I have left the good news for last. Not all Republican governors have bought into the dimwitted notion that they can tax their states back to prosperity. In Minnesota, the newly elected Republican governor Tim Pawlenty has crafted a budget that essentially freezes state spending in the first year and dares the legislature to try to raise taxes.

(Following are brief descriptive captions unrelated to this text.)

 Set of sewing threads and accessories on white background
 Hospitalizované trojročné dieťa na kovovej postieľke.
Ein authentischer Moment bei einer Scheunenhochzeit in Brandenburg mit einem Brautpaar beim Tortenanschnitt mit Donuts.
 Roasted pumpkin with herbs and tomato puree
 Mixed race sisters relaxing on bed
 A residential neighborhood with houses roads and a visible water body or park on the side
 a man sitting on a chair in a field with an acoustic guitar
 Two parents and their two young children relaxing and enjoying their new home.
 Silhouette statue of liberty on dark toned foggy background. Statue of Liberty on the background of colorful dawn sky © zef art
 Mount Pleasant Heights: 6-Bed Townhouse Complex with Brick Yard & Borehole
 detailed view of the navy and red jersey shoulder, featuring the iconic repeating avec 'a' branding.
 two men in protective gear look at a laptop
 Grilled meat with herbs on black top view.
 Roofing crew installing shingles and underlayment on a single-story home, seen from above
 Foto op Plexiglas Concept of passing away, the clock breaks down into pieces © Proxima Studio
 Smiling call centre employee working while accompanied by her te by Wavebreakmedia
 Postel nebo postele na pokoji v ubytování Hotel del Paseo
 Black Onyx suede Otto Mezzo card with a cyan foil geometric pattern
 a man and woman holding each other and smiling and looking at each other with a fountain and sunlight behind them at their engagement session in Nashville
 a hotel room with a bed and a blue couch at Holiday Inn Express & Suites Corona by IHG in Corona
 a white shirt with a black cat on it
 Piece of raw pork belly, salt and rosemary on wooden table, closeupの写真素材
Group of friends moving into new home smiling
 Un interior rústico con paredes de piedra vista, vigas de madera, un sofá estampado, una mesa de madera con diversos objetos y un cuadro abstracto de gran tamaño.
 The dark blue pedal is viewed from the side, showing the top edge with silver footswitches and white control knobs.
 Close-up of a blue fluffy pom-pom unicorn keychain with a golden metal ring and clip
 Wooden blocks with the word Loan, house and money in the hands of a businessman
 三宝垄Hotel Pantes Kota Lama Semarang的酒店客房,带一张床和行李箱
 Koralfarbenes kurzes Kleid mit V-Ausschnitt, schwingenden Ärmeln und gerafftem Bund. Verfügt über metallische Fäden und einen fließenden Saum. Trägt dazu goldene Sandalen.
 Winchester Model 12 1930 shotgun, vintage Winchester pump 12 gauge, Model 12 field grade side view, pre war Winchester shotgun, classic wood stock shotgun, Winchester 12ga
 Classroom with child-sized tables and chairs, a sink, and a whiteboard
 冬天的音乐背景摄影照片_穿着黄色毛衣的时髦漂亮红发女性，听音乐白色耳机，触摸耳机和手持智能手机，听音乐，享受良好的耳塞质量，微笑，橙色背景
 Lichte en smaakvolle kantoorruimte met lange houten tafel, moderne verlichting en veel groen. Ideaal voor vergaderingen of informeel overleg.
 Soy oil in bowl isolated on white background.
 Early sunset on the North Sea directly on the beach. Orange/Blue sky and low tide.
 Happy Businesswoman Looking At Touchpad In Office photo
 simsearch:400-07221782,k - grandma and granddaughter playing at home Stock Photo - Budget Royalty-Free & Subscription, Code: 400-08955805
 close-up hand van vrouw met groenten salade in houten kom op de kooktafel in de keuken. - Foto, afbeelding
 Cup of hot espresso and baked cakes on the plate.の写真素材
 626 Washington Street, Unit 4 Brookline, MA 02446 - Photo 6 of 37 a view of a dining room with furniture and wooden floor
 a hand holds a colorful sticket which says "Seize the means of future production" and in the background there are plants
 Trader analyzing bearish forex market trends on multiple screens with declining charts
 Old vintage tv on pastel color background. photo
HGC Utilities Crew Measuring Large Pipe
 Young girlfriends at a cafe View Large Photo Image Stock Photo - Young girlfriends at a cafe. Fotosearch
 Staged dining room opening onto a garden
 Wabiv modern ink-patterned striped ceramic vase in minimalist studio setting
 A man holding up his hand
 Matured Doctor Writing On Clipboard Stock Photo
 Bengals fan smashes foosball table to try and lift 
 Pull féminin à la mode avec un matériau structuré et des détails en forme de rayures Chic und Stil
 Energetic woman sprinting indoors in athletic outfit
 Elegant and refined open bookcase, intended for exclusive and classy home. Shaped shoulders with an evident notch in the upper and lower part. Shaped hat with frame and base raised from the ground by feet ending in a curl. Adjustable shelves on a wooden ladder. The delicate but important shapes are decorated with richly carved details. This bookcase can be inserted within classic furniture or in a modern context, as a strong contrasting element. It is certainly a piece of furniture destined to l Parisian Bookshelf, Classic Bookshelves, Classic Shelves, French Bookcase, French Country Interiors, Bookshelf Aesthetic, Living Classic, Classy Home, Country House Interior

Another fresh face, Mark Sanford of South Carolina, is installing the first down payment on his plan to phase out the state income tax, despite inheriting a gargantuan deficit.
Meanwhile, the nation’s two most fiscally conservative governors (and the GOP’s fastest-rising political stars in recent years), Jeb Bush of Florida and Bill Owens of Colorado, remain as immovable as ever in their opposition to new taxes. “How can tax hikes solve the fiscal crisis in the states,” Owens asked me in an interview, “when the budget problems are a result of chronic overspending?” Meanwhile, in Tallahassee Jeb Bush is pushing forward with the final phase of his $5.7 billion tax cut and notes that despite those tax cuts, Florida’s bond rating has improved from AA to AAA. “As I look around the country,” Bush observes, “I can’t help but notice that the states that have enacted big, broad-based tax hikes are in the worst fiscal shape of all.”
If Jeb’s Republican colleagues don’t start to digest that lesson soon, they might not be governors for long.